D’abord, il y a des essences qui sont tout à fait divisibles et naturellement séparables : ce sont celles dont aucune n’est identique ni à une autre partie, ni au tout, dont chaque partie est nécessairement plus petite que le tout : telles sont les grandeurs sensibles, les masses corporelles, dont chacune occupe une place à part, sans pouvoir être à la fois la même en plusieurs lieux.
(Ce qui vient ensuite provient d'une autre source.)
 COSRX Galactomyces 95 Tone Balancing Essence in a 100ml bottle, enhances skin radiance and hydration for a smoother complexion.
Il existe aussi une autre espèce d’essence, qui a une nature contraire aux précédentes [aux essences tout à fait divisibles], qui n’admet aucune division, qui n’est ni divisée, ni divisible. Celle-ci ne comporte aucune étendue, pas même par la pensée ; elle n’a pas besoin d’être en un lieu, elle n’est contenue dans aucun autre être, ni en partie ni en totalité ; mais elle plane, pour ainsi dire, à la fois sur tous les êtres, non qu’elle ait besoin d’être édifiée sur eux[3], mais parce qu’elle est indispensable à l’existence de tous ; essence toujours identique à elle-même, elle est le commun soutien de tout ce qui est au-dessous d’elle. C’est comme dans le cercle, où le centre, demeurant immobile en lui-même, est néanmoins l’origine de tous les rayons qui en naissent et en tiennent l’être, et qui, participant ainsi tous de la nature du point, ont pour principe ce qui est indivisible et y restent attachés en s’avançant dans tous les sens[4].
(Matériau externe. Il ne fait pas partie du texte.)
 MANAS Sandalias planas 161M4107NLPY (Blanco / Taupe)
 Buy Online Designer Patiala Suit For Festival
Or, entre l’essence qui est tout à fait indivisible, qui occupe le premier rang parmi les êtres intelligibles, et l’essence qui est tout à fait divisible dans les choses sensibles, il y a, au-dessus du monde sensible, près de lui et en lui, une essence d’une autre nature, qui n’est point complètement divisible comme les corps, mais qui cependant devient divisible dans les corps[5]. Par suite, quand les corps sont partagés, la forme qui est en eux se divise aussi, mais de telle sorte qu’elle soit tout entière dans chaque partie. Cette essence identique, en devenant ainsi multiple, a des parties complètement séparées les unes des autres : car elle est alors une forme divisible comme les couleurs, comme toutes les qualités, comme toute forme qui peut être tout entière à la fois en plusieurs choses complètement éloignées et étrangères les unes aux autres par les affections qu’elles subissent. Il faut donc admettre que cette forme [qui réside dans les corps] est aussi divisible[6].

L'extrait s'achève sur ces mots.